I'm using the same HONDA I've used since 03, and will for the rest of my life, why because it will last that long lets see some vintage Polaris!!! Hahaha vintage get it !!


----------



## hghgrad (Nov 29, 2010)

sublime68charge;1839002 said:


> Looking Goog HGH,
> 
> I would add some weight to the rear rack of your ATV to help counter balance the blower out front.
> 
> I have a 03 Foreman with 450 with a Kimpex 44" blower and the blower is a lot to maneuver around. also if driving down the road with the blower up "riding all that weight on the dolly wheels" slow down for making any turns if your at speed and want to turn all you due is go straight.


I'll keep that in mind. There isn't much weight at all on the quad itself, it mostly rides on the casters. The drive is about 400' horseshoe shaped, and there's another 200' from the front of the house back to the shop if I need to get my car back there. The back yard is really what I built it for. Won't be doing that path unless needed, since all of my tools are back there. Probably just keep a path wide enough to walk.


----------



## sublime68charge (Dec 28, 2007)

hgh,
is your area pretty flat?

also how wide is your blower? and how wide it the atv?

I know for my setup with my mud tires I'm 2" wider than the blower path.
stock tires and chains I fit just fine.
also for my area when I have used my blower I go in 50' sections that way if I kill the blower and need to restart it I can back up into a cleared area to get off and pull start the snow blower again doing that in knee deep snow is not fun and if your way way down a single lane path and have to back up a long ways and get off track your stuck.

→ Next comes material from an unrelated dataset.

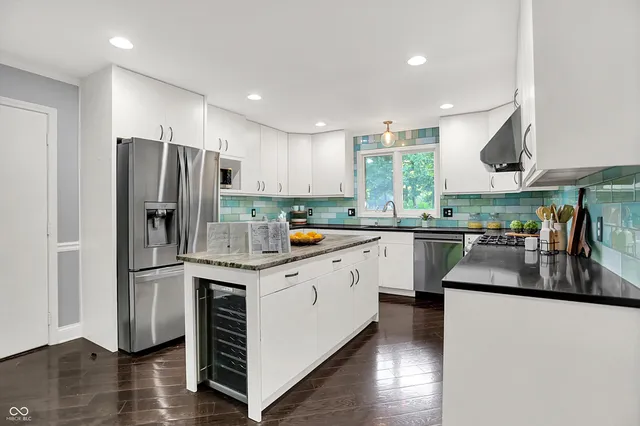 $689,000 | 8924 Stormhaven Court, Indianapolis, IN 46256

for your track to the back shed I'd go 2 widths wide in 50' sections that way you have room to wiggle back out if/when you get in trouble.

just my thoughts and what I have learned. 

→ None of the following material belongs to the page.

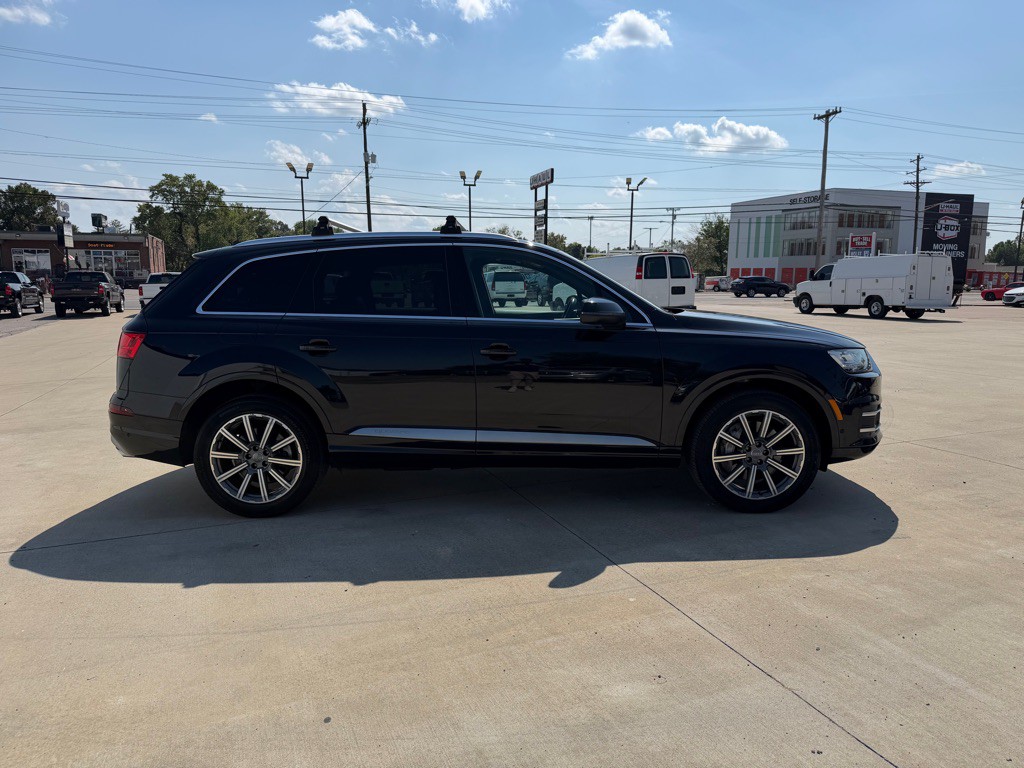 2019 Audi Q7 Image 5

also Grass or Gravel to back shed?

good luck.

sublime out.


----------



## hghgrad (Nov 29, 2010)

Dead flat around here. No hills or any slight inclines if any sorts 

The path back to the barns is all grass, and the driveway is gravel.


----------



## mikeyd915 (Sep 22, 2014)

IPLOWSNO;1839033 said:


> I'm using the same HONDA I've used since 03, and will for the rest of my life, why because it will last that long lets see some vintage Polaris!!! Hahaha vintage get it !!


The only reason you see old Honda's still is that nobody is buying the new ones. They can't compare to the new Polaris, Can Am and Yamaha models, which EVERYONE is upgrading to now.


----------



## IPLOWSNO (Oct 11, 2008)

mikeyd915;1843227 said:


> The only reason you see old Honda's still is that nobody is buying the new ones. They can't compare to the new Polaris, Can Am and Yamaha models, which EVERYONE is upgrading to now.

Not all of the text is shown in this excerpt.